What is needed:
Each line from the one holding "Imagen: Cartel del" through the end of the records should be returned exactly, while pictures are skipped.

+ + + +

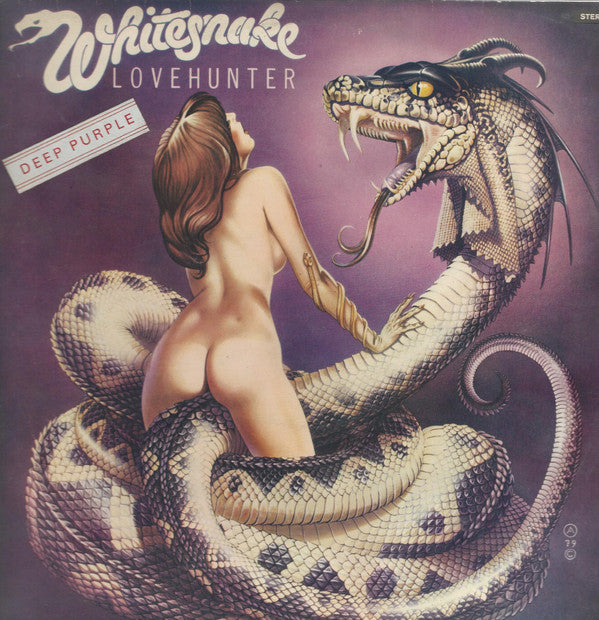 Whitesnake : Lovehunter (LP, Album)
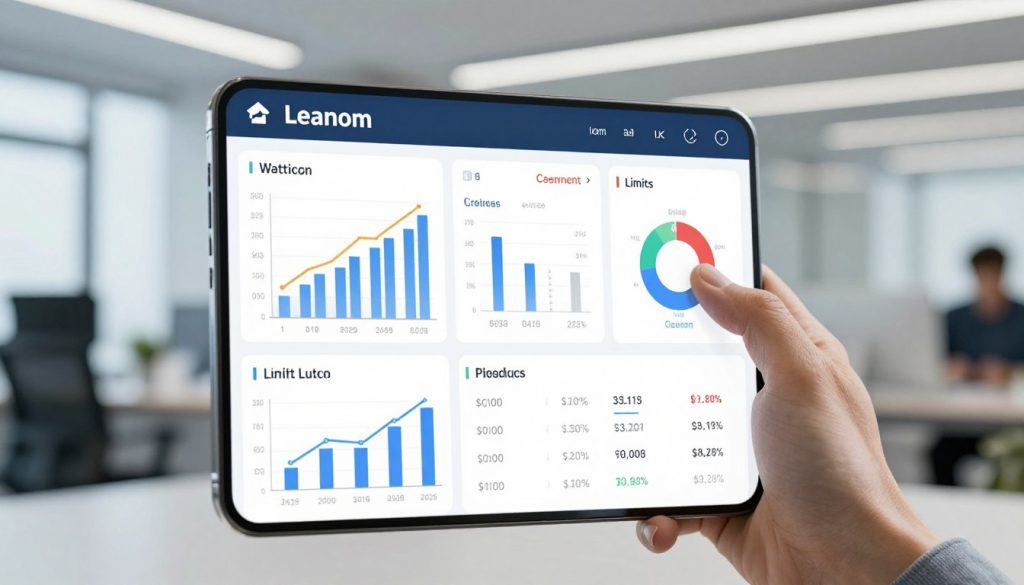 quản lý khoản vay trực tuyến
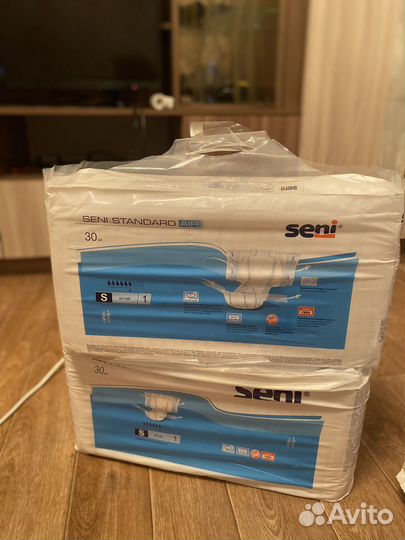 Памперсы для взрослых seni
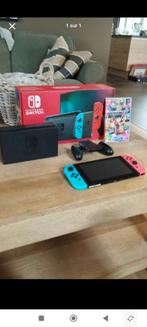 Nintendo switch 1, Enlèvement, Utilisé, Avec jeux
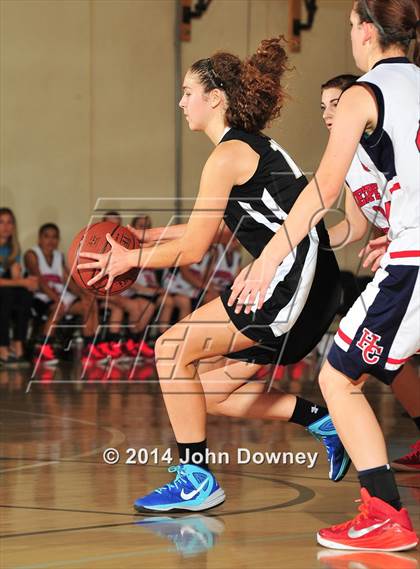 Thumbnail 1 in Hesperia Christian vs. Xavier Prep (MaxPreps Holiday Classic) photogallery.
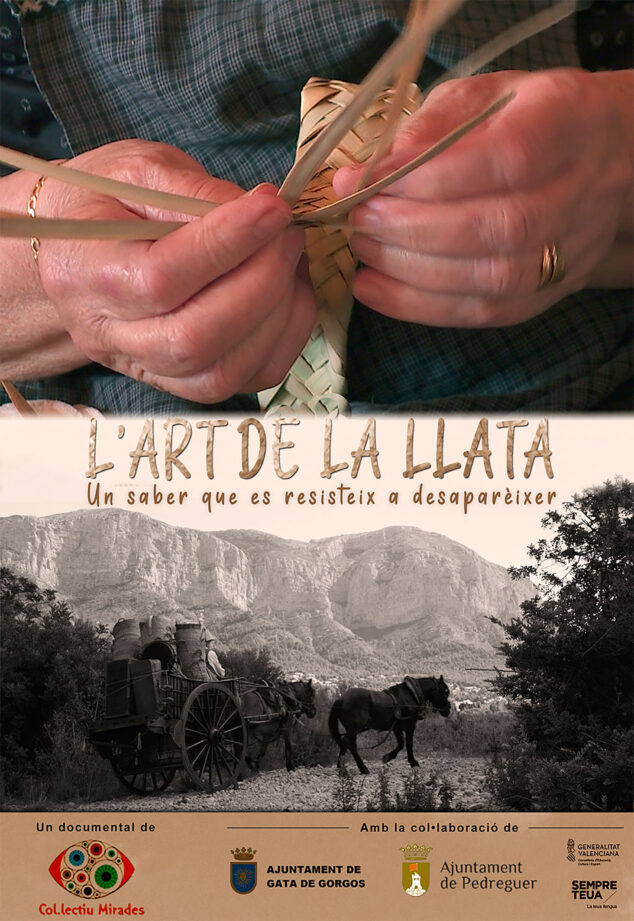 Imagen: Cartel del documental 'L'Art de la Llata' de Col·lectiu Mirades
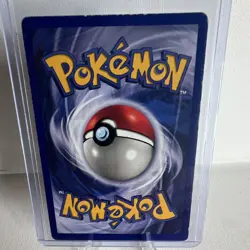 Pokemon Gyarados 6/102 Base Set Holo Rare 100 HP English Pokemon TCG 1999 - Image 2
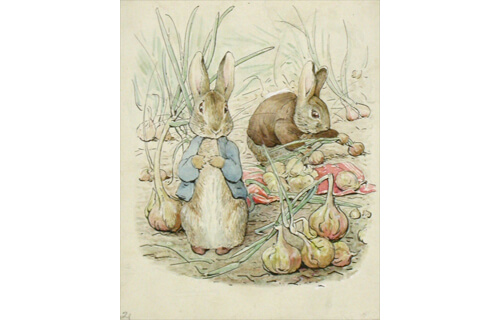 ビアトリクス・ポター™生誕150周年　ピーターラビット™展 福岡県立美術館-1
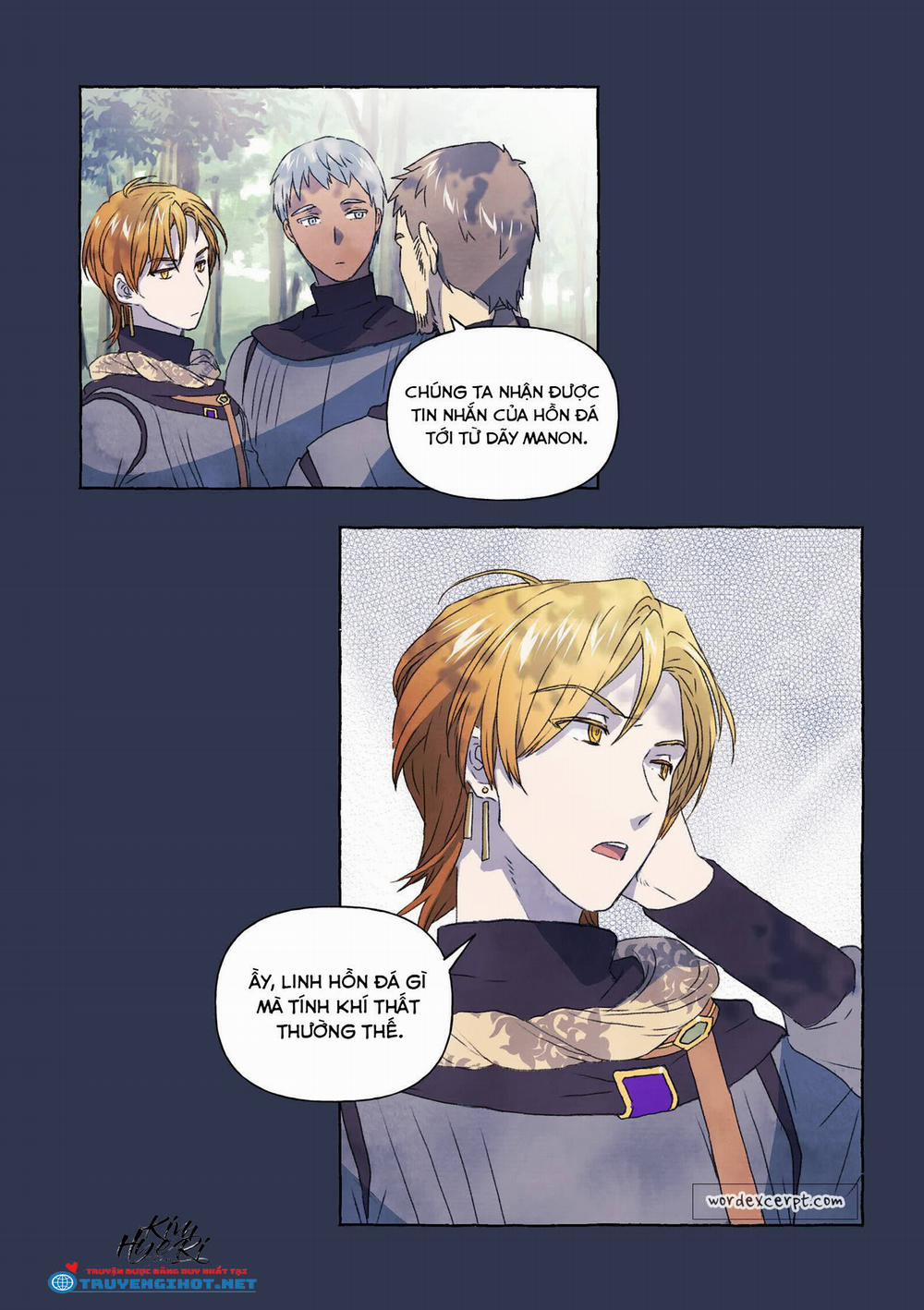 Mối Tình Đầu Của Chàng Sói Khờ 9 trang 20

+ + + +

Response for this exercise:
 Imagen: Cartel del documental 'L'Art de la Llata' de Col·lectiu Mirades
 Pokemon Gyarados 6/102 Base Set Holo Rare 100 HP English Pokemon TCG 1999 - Image 2
 ビアトリクス・ポター™生誕150周年　ピーターラビット™展 福岡県立美術館-1
 Mối Tình Đầu Của Chàng Sói Khờ 9 trang 20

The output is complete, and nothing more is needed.